Dorothy de la Hey Sharaf-un-Nisa Begum

Dr Sneha Krishnan (Brasenose College, Oxford) and Dr Megan Robb (University of Pennsylvania) have been awarded a Fell Fund Grant to digitally archive the papers of two women whose lives – in the 18th and 20th century respectively - bookend Britain’s imperial presence in India and reveal interesting new perspectives on gender and Empire.

In 2017, by an accident of social media, Sneha Krishnan came across the living relative of Dorothy de la Hey (pictured, above right): an alumna of St Anne's College, Oxford, who was founding principal of the first women's college in Southern India. This chance online meeting led to her discovery of a family archive of Dorothy’s letters and papers, charting her travels to India in 1914 and her position as a College Principal, and as a significant figure in a transnational network of philanthropy that shaped women's education in colonial India. The College she established - Queen Mary's in erstwhile Madras, now Chennai - was for many years a prestigious educational destination for women from all over the country.

Thanks to the generosity of de la Hey's great nephew, Matthew, as well as a generous John Fell Fund grant, Dorothy de la Hey’s letters will be digitised for the catalogues of Oxford’s Bodelian Library. In addition to the de la Hey archive, the papers of Sharaf-un-Nisa Begum (pictured, above left) will be digitised and tell a story of one temporal end of the British Empire in India. Begum married an Englishman and travelled to Devonshire in 1770, and lived the remainder of her life among the British Aristocracy. Sharaf-un-Nisa's papers will be catalogued in the University of Pennsylvania libraries.

“Digitising these letters will allow this project to unpack the ways in which such personal connections engaged larger scale imperial formations,” Sneha explains. The project, entitled ‘Unstable Archives: Gender and Empire in South Asia’ will explore what relation ‘gender’ bears to Empire and to cultures of travel and mobility, as well as to projects of education, literacy and self-making. The collaboration represents an effort to engage these questions while asking how digitization shapes contemporary engagements with ‘gender’ in colonial contexts, particularly that of South Asia.
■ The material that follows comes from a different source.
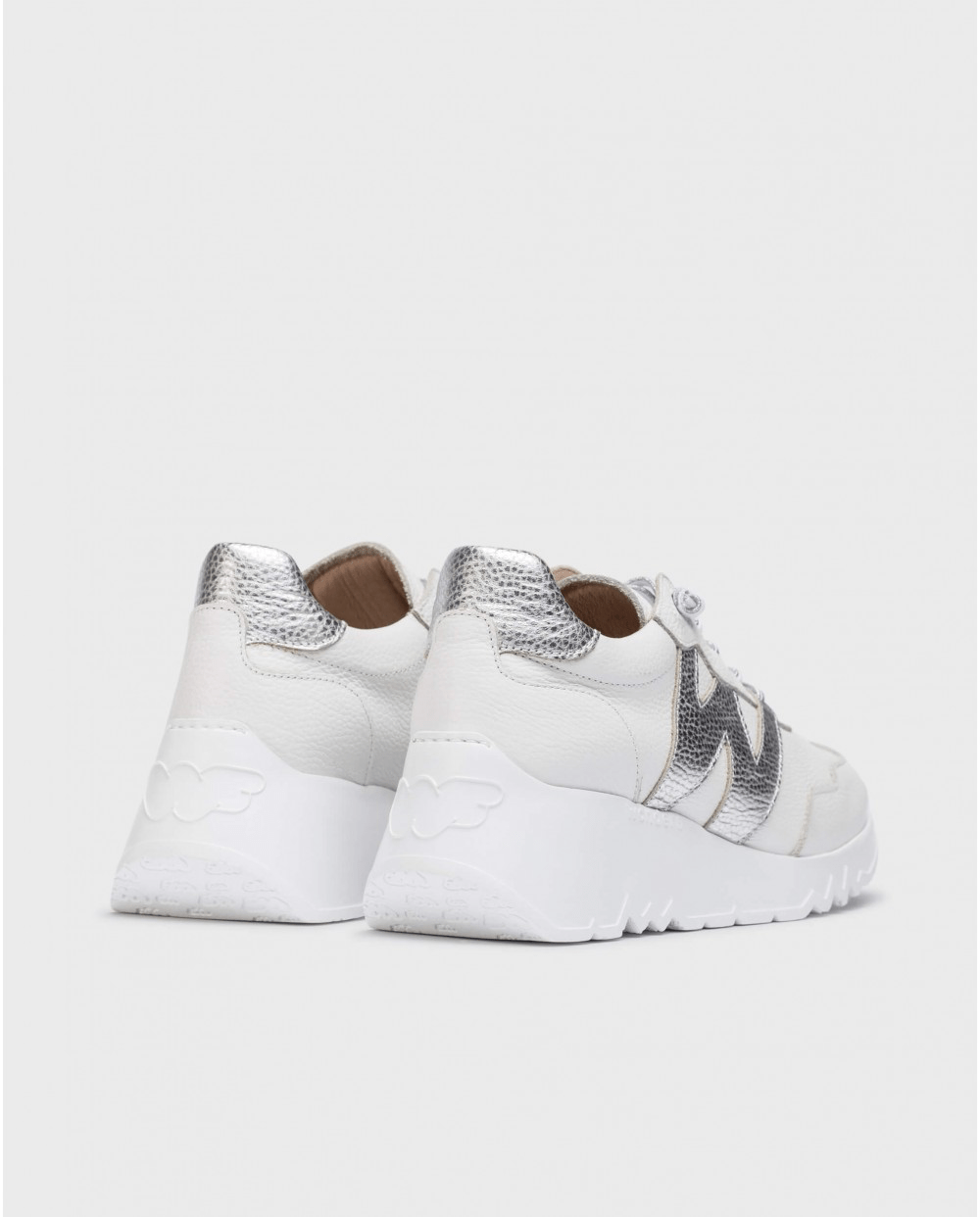 Kyoto | White | Wonders | Trainers | Jenny Shoo Bootique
“These letters are a fascinating resource indicative of a history of encounter between Indian and British women within the uneven context of colonial rule. Megan and I are very excited that our project will make these materials - so far unavailable in a public archive - accessible to researchers everywhere. We are hoping to put together an edited volume of women's correspondence in colonial South Asia, as well as a journal special issue with conceptual papers on archives, digitisation and coloniality."